What the exercise asks:
Copy each entry precisely as written, and do not carry over the pictures.
------
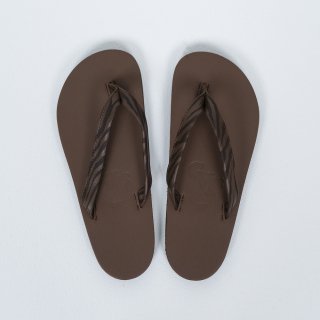<img class='new_mark_img1' src='https://img.shop-pro.jp/img/new/icons5.gif' style='border:none;display:inline;margin:0px;padding:0px;width:auto;' />leather sandal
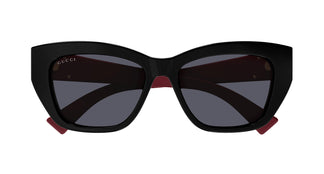 Gucci GG1844SA 004 55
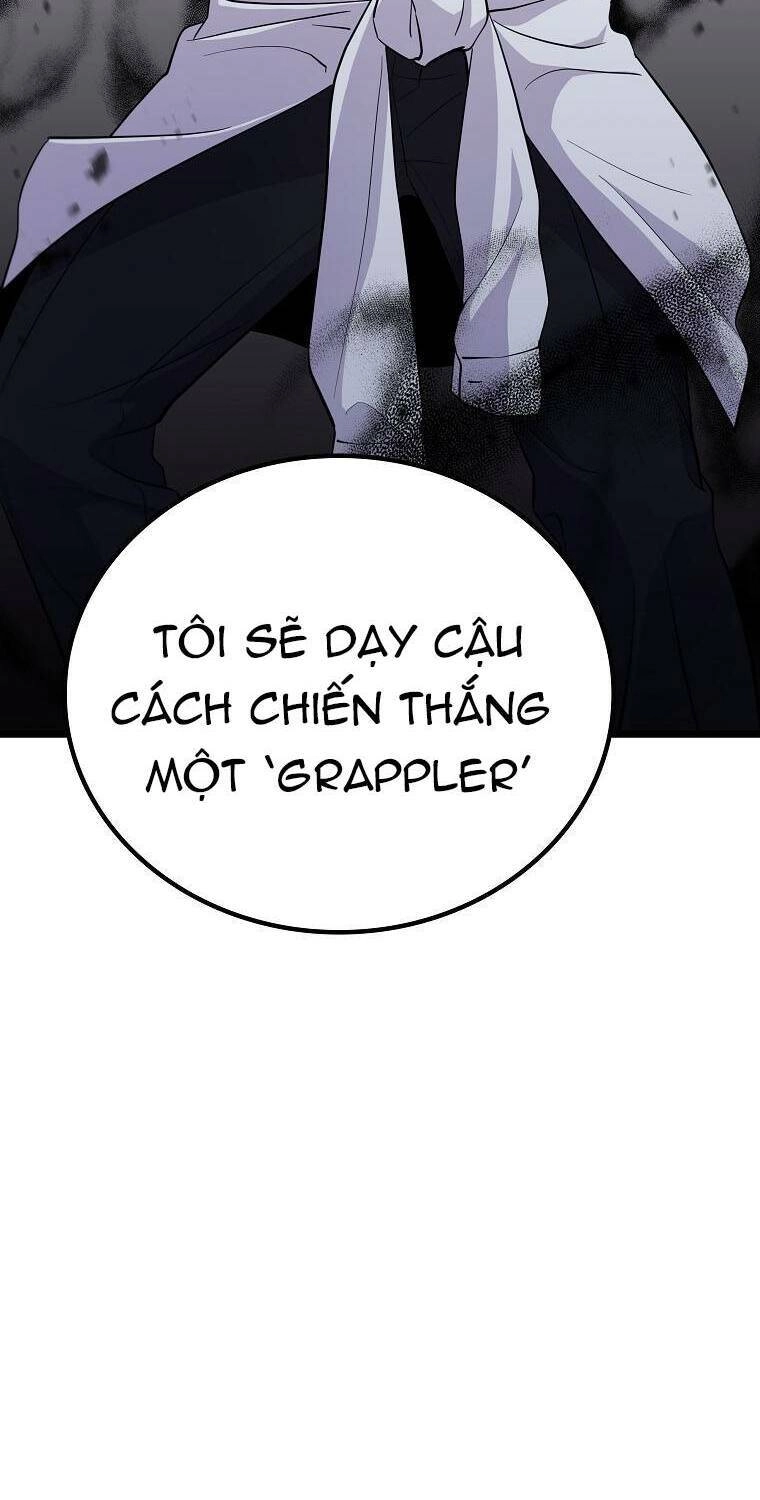 Quái Vật Ganzi Chapter 34 - 56
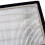 2X Hepa Filter Replacement for Rainbow Rexair E & E2 Series Part Filter Series Parts 6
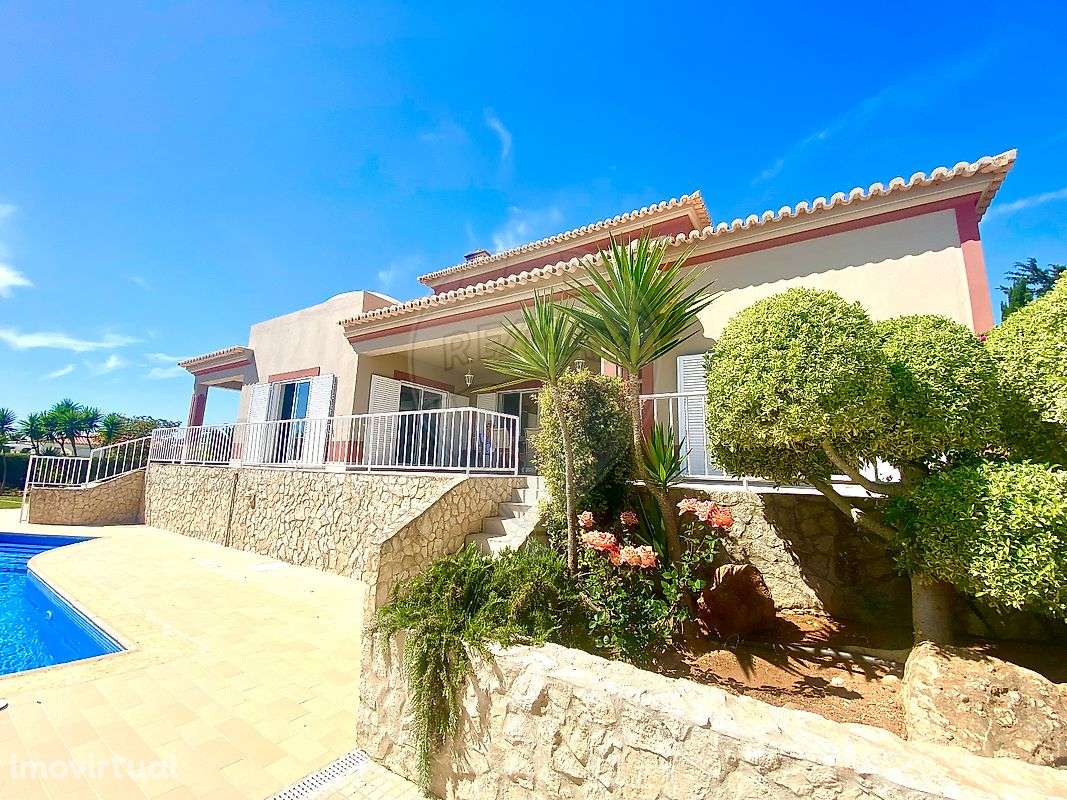 Moradia T3 para venda - Grande imagem: 2/44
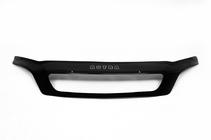 Opel Astra G Classic 1998–2012 Motorkapdeflector VIP foto 2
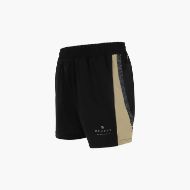 Снимка на CRUYFF МЪЖКИ БЕРМУДИ NIMBUS 5' SHORTS В ЧЕРНО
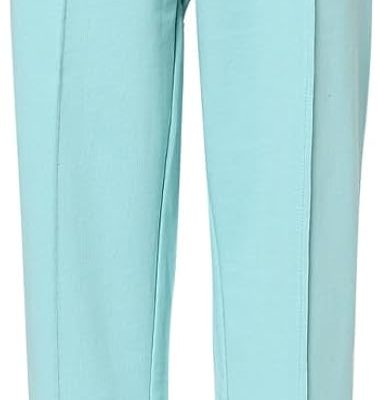 Women’s Trousers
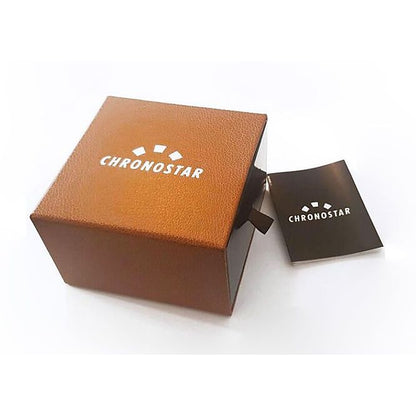 CHRONOSTAR MOD. R3753321004 Gent,READY STOCKED WATCHES,Wristwatch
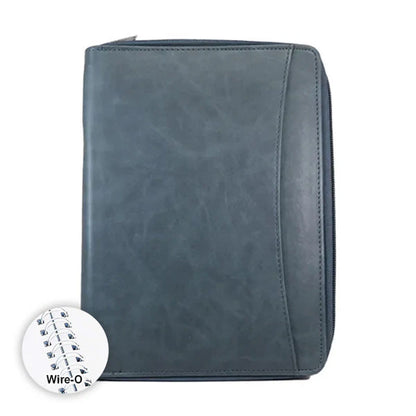 Laly'en Diary-Professional Planner Notebook 2025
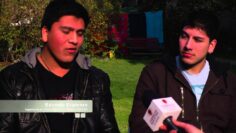 [ID: kbuDRYeRIHE] Youtube Automatic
------
Written response:
<img class='new_mark_img1' src='https://img.shop-pro.jp/img/new/icons5.gif' style='border:none;display:inline;margin:0px;padding:0px;width:auto;' />leather sandal
 Gucci GG1844SA 004 55
 Quái Vật Ganzi Chapter 34 - 56
 2X Hepa Filter Replacement for Rainbow Rexair E & E2 Series Part Filter Series Parts 6
 Moradia T3 para venda - Grande imagem: 2/44
 Opel Astra G Classic 1998–2012 Motorkapdeflector VIP foto 2
 Снимка на CRUYFF МЪЖКИ БЕРМУДИ NIMBUS 5' SHORTS В ЧЕРНО
 Women’s Trousers
 CHRONOSTAR MOD. R3753321004 Gent,READY STOCKED WATCHES,Wristwatch
 Laly'en Diary-Professional Planner Notebook 2025
 [ID: kbuDRYeRIHE] Youtube Automatic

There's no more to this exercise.